* Exercise goal
Write out every line of the material as it stands, apart from the pictures.

━━━━━━━━━━━━━━━━

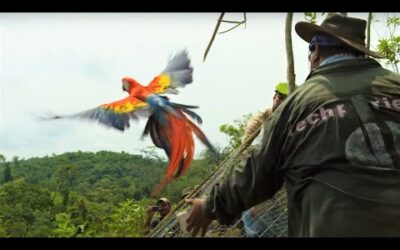 Macaws Released Into The Wild | Jungle Animal Hospital | BBC Earth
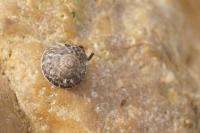 Xeroplexa intersecta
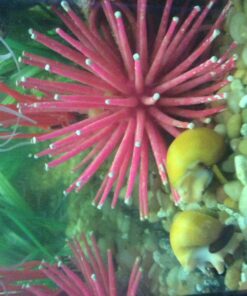 Golden Mystery Snail - 1/2"-2" - Algae Eater for Aquariums 38 71Wx9UCm5hL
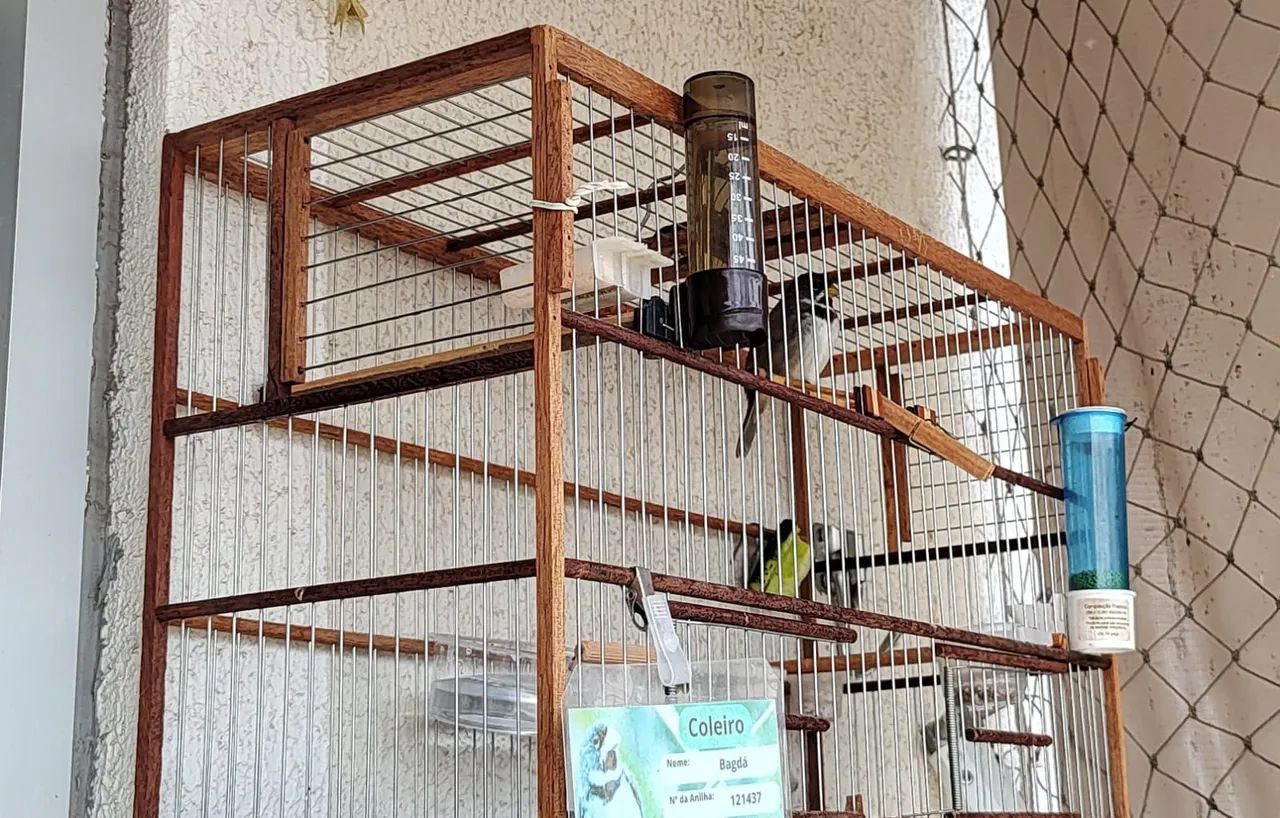 Gaiolas Criadeiras de Coleiro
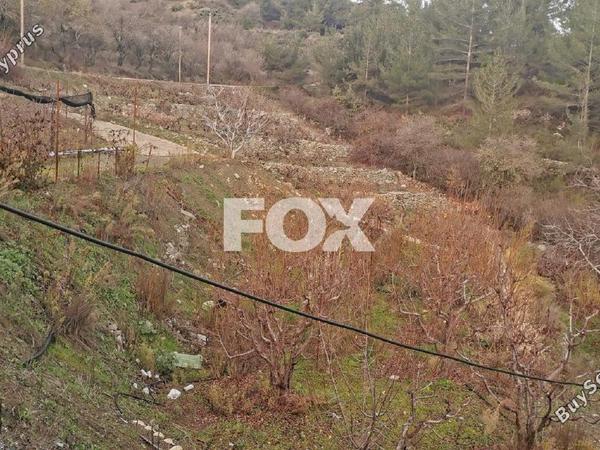 land for sale dymes limassol 1146844 image 5546003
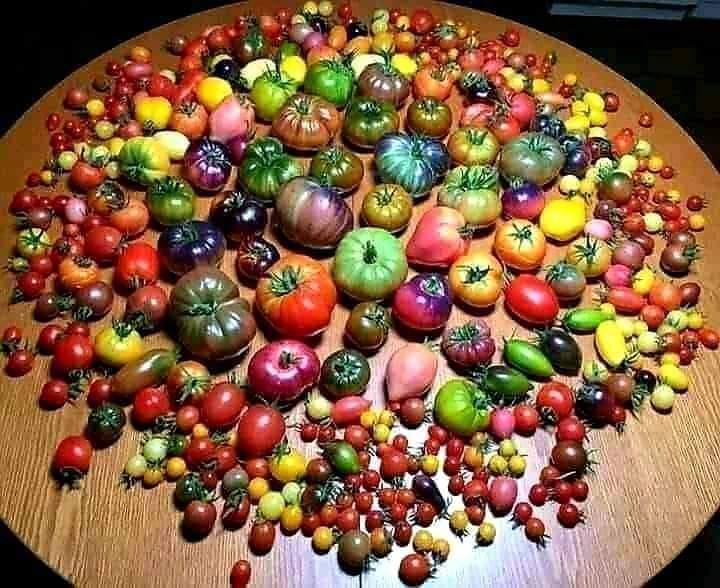 Bir resimde 500 çeşit domates.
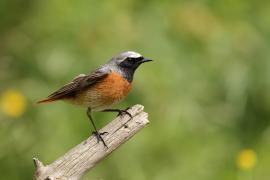 Pleszka - Phoenicurus phoenicurus - Common Redstart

━━━━━━━━━━━━━━━━

* Exercise output
 Macaws Released Into The Wild | Jungle Animal Hospital | BBC Earth
 Xeroplexa intersecta
 Golden Mystery Snail - 1/2"-2" - Algae Eater for Aquariums 38 71Wx9UCm5hL
 Gaiolas Criadeiras de Coleiro
 land for sale dymes limassol 1146844 image 5546003
 Bir resimde 500 çeşit domates.
 Pleszka - Phoenicurus phoenicurus - Common Redstart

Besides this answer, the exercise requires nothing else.